Halftime director Amanda Micheli hopes the documentary, premiering June 14 on Netflix, presents a new — sometimes vulnerable, often resilient — side to its famous subject.
“I had the impression of her as a wildly successful, glamorous person,” Micheli said in an interview. “Then when I met her I was like, ‘This woman is a world-class athlete. She’s a jock. The way she carries herself and the way she works. She’s an artist but I really connected with that side of her. She’s a fighter.”
Halftime bears some of the usual hallmarks of artist-developed documentaries. It’s designed to be an affectionate portrait. But Halftime distinguishes itself by capturing the challenges that even superstars face in an entertainment industry not always welcoming to Latina performers. In one early clip, a journalist asks Lopez about her backside.
“Jennifer always was trying to prove herself,” says Micheli. “I don’t want to minimized it to: Oh, she’s a woman of color and women of color have a harder time. But it’s true, especially in the entertainment industry. You look back at those press junkets for ‘Selena,’ and people on the red carpet are like, ‘Can you speak a little Spanish for us, honey?’ It was a novelty.”
For the documentary, Micheli assembled footage shot in late 2019 and early 2020 by Lopez’s team and others, as well as some 1,000 hours of archival footage. In the time span covered in the film, Lopez was starring in and producing the acclaimed drama Hustlers, winning her Oscar buzz, and she was tapped to perform in the 2020 Super Bowl with Shakira.

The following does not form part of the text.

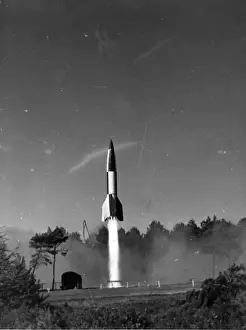Cuxhaven Prints: The third Operation Backfire V-2 shortly after launch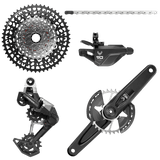 SRAM Eagle 90 T-Type Groupset, 1x12, with crankset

The two events were high points for Lopez yet still reflected some of the struggles she faced along the way. Splitting the Super Bowl stage is sometimes seen in Halftime as a matter of frustration. Lopez calls having two headliners “the worst idea ever,” not because she isn’t enthusiastic about the collaboration with Shakira but because of the time pressures of fitting in each others’ songs. Lopez also fights to have the plight of immigrant children separated at the U.S.-Mexico border incorporated into the performance. Lopez initially sought a cameo by Bruce Springsteen to sing Born in the U.S.A.
At the same time, Lopez was unexpectedly looked over for her first Academy Award nomination for Hustlers, a female-led production about making your way in a male-controlled industry. The weight of those expectations is seen in scenes like one following the Golden Globes, where Lopez says “I let everyone down” after not winning. Missing on an Oscar nomination, she says, was disappointing because so many had suggested it was inevitable.
“The truth is I really thought I was going to be nominated,” Lopez says in the film.
“We didn’t want it to seem like the world’s smallest violin,” says Micheli. “But it’s compelling to see someone really striving and wanting something so badly. Stars are not supposed to admit they want an Academy Award. But she admits in the film that she got her hopes up, she wanted that recognition. Who wouldn’t?”
Micheli thinks that before making Halftime, Lopez hadn’t really processed some elements of her life depicted in the documentary.
“The way the press treated her looking back is kind of crazy,” she says. “Watch the clip of people talking about her ass. I didn’t understand until I met her how that affected her, that she really felt like people were questioning her talent and still do sometimes. I think she really felt like she was fighting to prove herself always and had to work twice as hard as anyone else to prove herself. I think a lot of marginalized people feel that way.”
When Micheli first showed Lopez a 12-minute sample reel of just behind-the-scenes footage, she nervously awaited Lopez’s response.
“She looked at me and said, ‘My body’s shaking. I haven’t seen myself like this before,’” says Micheli. “In that moment, seeing herself, she had a realization of what that fighting was for.”